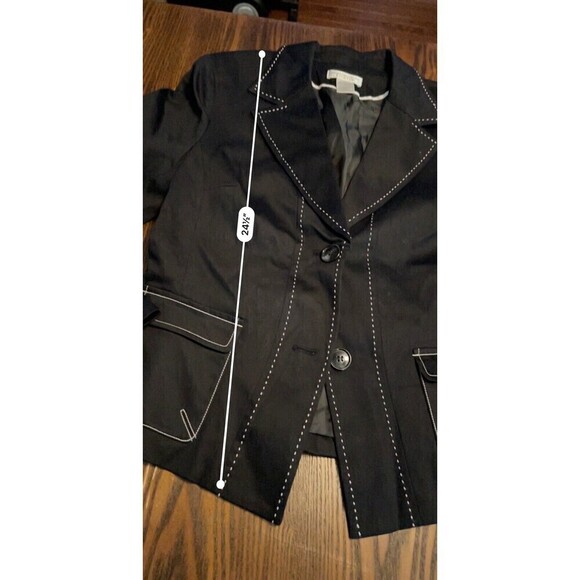 Worthington Women's Notch Lapel Blazer  Jacket Black Size 14 NWT White Stitching - Picture 6 of 16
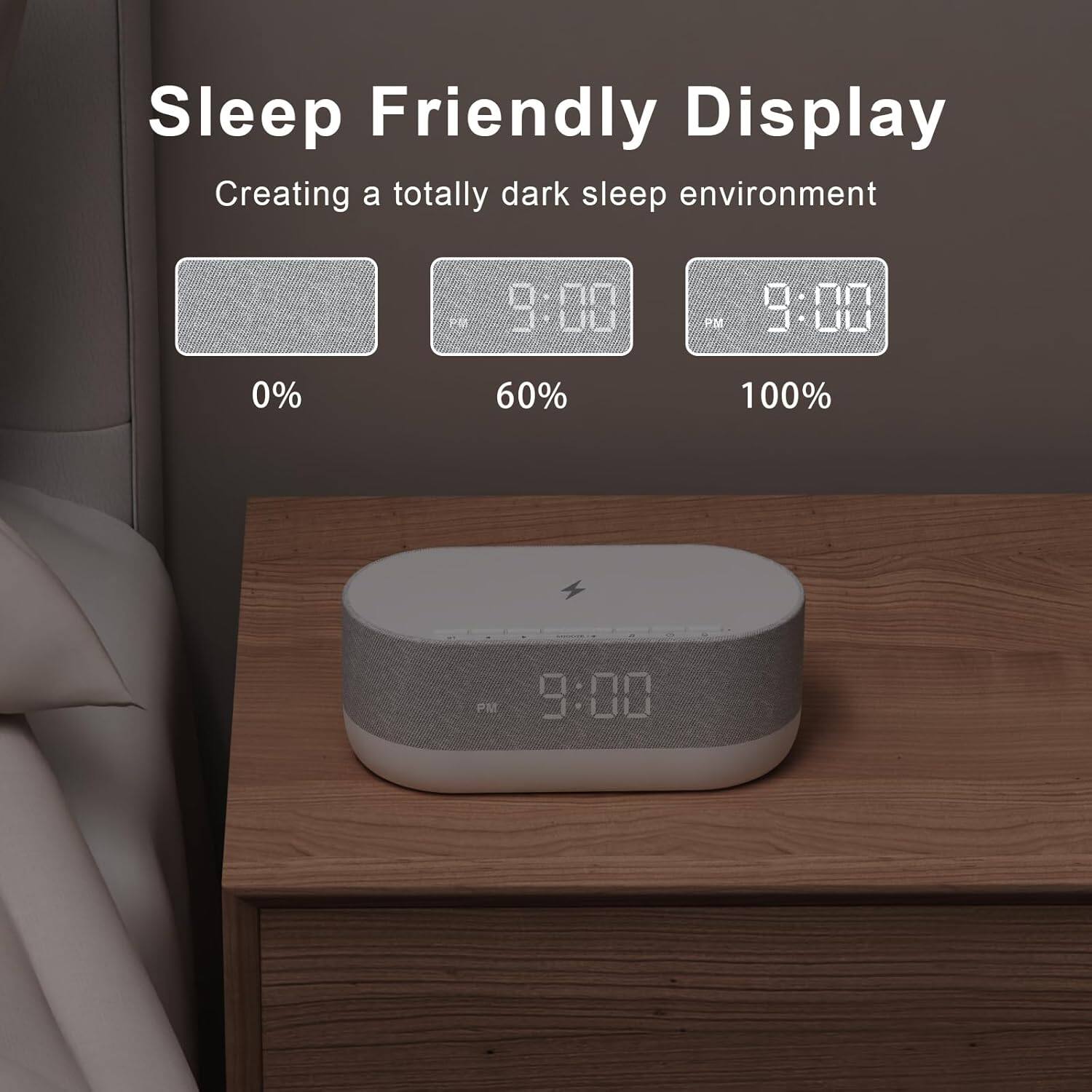 Sleep Friendly Display  
Creating a totally dark sleep environment  

0% 60% 100%  
9:00 PM 9:00 PM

• _Try it_
What you give back should be exactly the lines of the entries above from the one containing "Creating a totally dark sleep environment" to the end, and nothing more.

• _Response to this exercise_
Creating a totally dark sleep environment  

0% 60% 100%  
9:00 PM 9:00 PM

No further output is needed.